X_train = train_df[FEATURES]
y_train = train_df[TARGET]
X_test = test_df[FEATURES]
y_test = test_df[TARGET]


Train: 2023-01-16 00:00:00 -> 2025-05-31 00:00:00 | 1698 registros
Test : 2025-06-01 00:00:00 -> 2025-08-31 00:00:00 | 92 registros


In [5]:

param_distributions = {
    'n_estimators': [300, 400, 500, 600],
    'max_depth': [3, 4, 5, 6],
    'learning_rate': [0.03, 0.05, 0.07],
    'subsample': [0.8, 0.9, 1.0],
    'colsample_bytree': [0.8, 0.9, 1.0],
    'min_child_weight': [1, 3, 5],
    'gamma': [0, 0.1, 0.3],
    'reg_lambda': [1, 2, 3]
}

base_model = xgb.XGBRegressor(
    objective='reg:squarederror',
    tree_method='hist',
    random_state=42,
    n_jobs=1
)

ts_cv = TimeSeriesSplit(n_splits=5)
scorer = make_scorer(mean_absolute_percentage_error, greater_is_better=False)

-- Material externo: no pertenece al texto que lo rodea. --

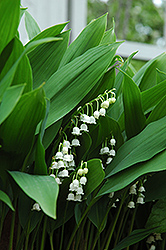 Lily-Of-The-Valley (Convallaria majalis) at Countryside Flower Shop & Nursery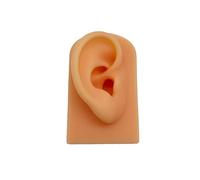 BCOMFY Modello di orecchio in silicone con supporto in acrilico, modello elastico morbido, modello di orecchio finto, stampo realistico for l'esposizione di gioielli(Flesh color right)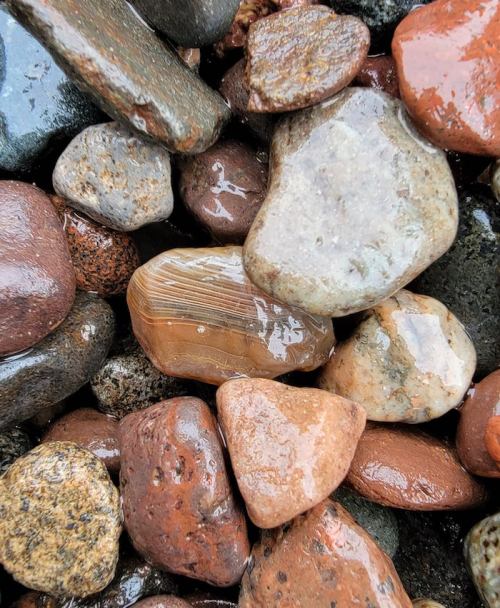 A close-up of various smooth, wet stones in earthy tones, showcasing their textures and colors.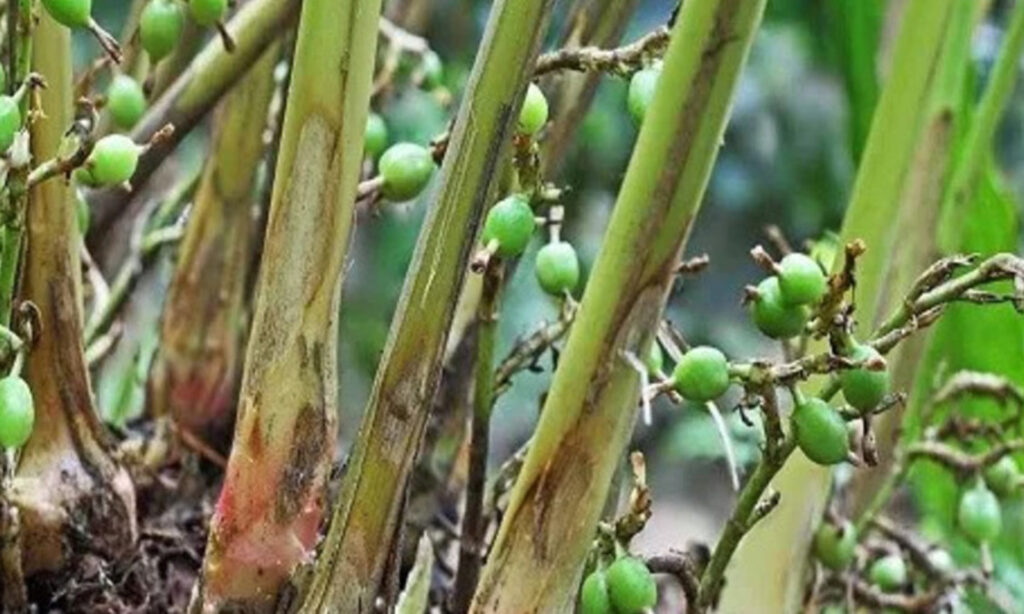 pengendalian penyakit tanaman kapulaga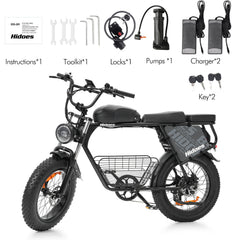 Hidoes HD-B9 Electric Bike
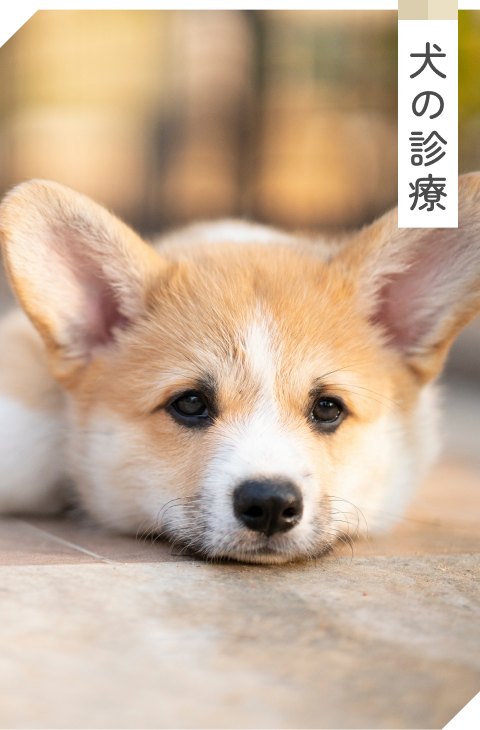 犬の診療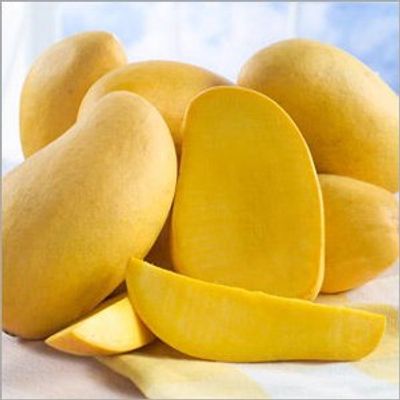 MANGO SINDHRI - PAKISTAN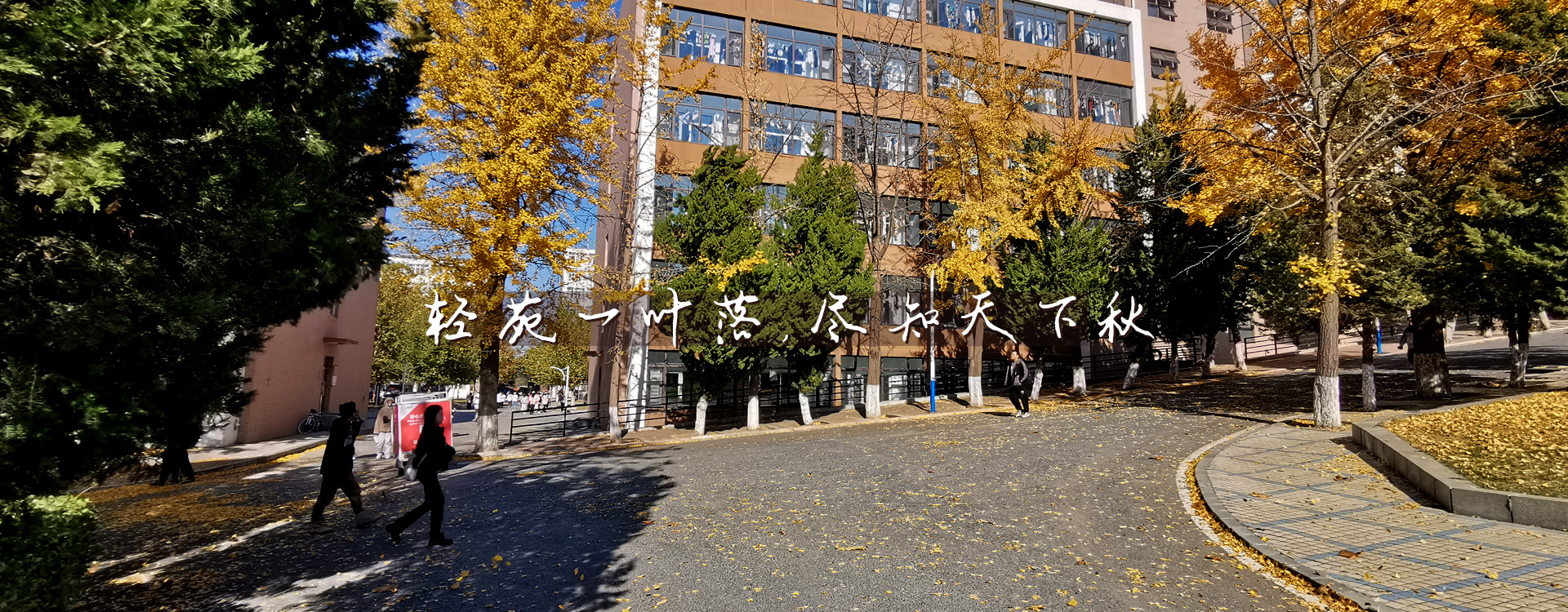 澳门博彩网站
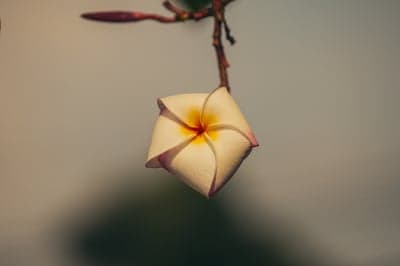 Soft Plumeria Bud Macro Wallpaper for Mobile Screens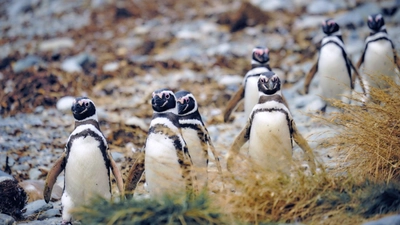 Putzige Magellanpinguine auf der Isla Magdalena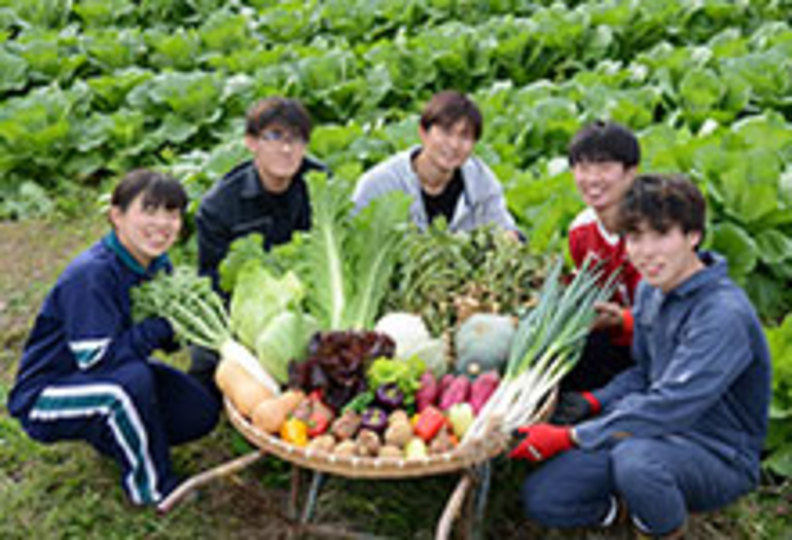 鯉淵学園農業栄養専門学校の風景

random_search = RandomizedSearchCV(
    estimator=base_model,
    param_distributions=param_distributions,
    n_iter=20,
    scoring=scorer,
    cv=ts_cv,
    verbose=1,
    random_state=42,
    n_jobs=1
)

random_search.fit(X_train, y_train)

best_model = random_search.best_estimator_
print('Mejores hiperparámetros encontrados:')
print(random_search.best_params_)


Fitting 5 folds for each of 20 candidates, totalling 100 fits


Mejores hiperparámetros encontrados:
{'subsample': 1.0, 'reg_lambda': 1, 'n_estimators': 600, 'min_child_weight': 3, 'max_depth': 6, 'learning_rate': 0.03, 'gamma': 0.1, 'colsample_bytree': 0.8}


In [6]:

y_pred_test = best_model.predict(X_test)
y_pred_train = best_model.predict(X_train)

test_mape = mean_absolute_percentage_error(y_test, y_pred_test)
train_mape = mean_absolute_percentage_error(y_train, y_pred_train)

print(f"Test MAPE: {test_mape * 100:.2f}%")
print(f"Train MAPE: {train_mape * 100:.2f}%")

if test_mape <= 0.02:
    print("\n✅ Objetivo de MAPE ≤ 2% alcanzado.")
else:
    print("\n⚠️  Objetivo de MAPE ≤ 2% no alcanzado con el dataset actual.")


Test MAPE: 9.76%
Train MAPE: 13647242644684800.00%

⚠️  Objetivo de MAPE ≤ 2% no alcanzado con el dataset actual.


In [7]:

# Entrenar con todo el conjunto y guardar artefacto
best_model.fit(df_features[FEATURES], df_features[TARGET])
output_path = Path('../backend/models/refined_flights_forecasting_model.pkl')
output_path.parent.mkdir(parents=True, exist_ok=True)

payload = {
    'model': best_model,
    'features': FEATURES,
    'best_params': random_search.best_params_,
    'train_mape': train_mape,
    'test_mape': test_mape,
    'cutoff_date': cutoff_date
}

joblib.dump(payload, output_path)
print(f"Modelo guardado en {output_path.resolve()}")


Modelo guardado en C:\Users\Lenovo\Desktop\UdeCodes\backend\models\refined_flights_forecasting_model.pkl



## Resultados y Observaciones

- Se incorporaron variables de calendario, festivos federales, rezagos y ventanas móviles.
- Se utilizó `RandomizedSearchCV` con validación `TimeSeriesSplit` (5 particiones) para ajustar hiperparámetros de XGBoost.
- Con los datos disponibles, el MAPE en el conjunto de prueba continúa por encima del objetivo de 2% (≈10%).
- Recomendación: depurar/normalizar los datos históricos (por ejemplo, coherencia de Plant 2) o explorar modelos específicos por planta que reduzcan la variabilidad.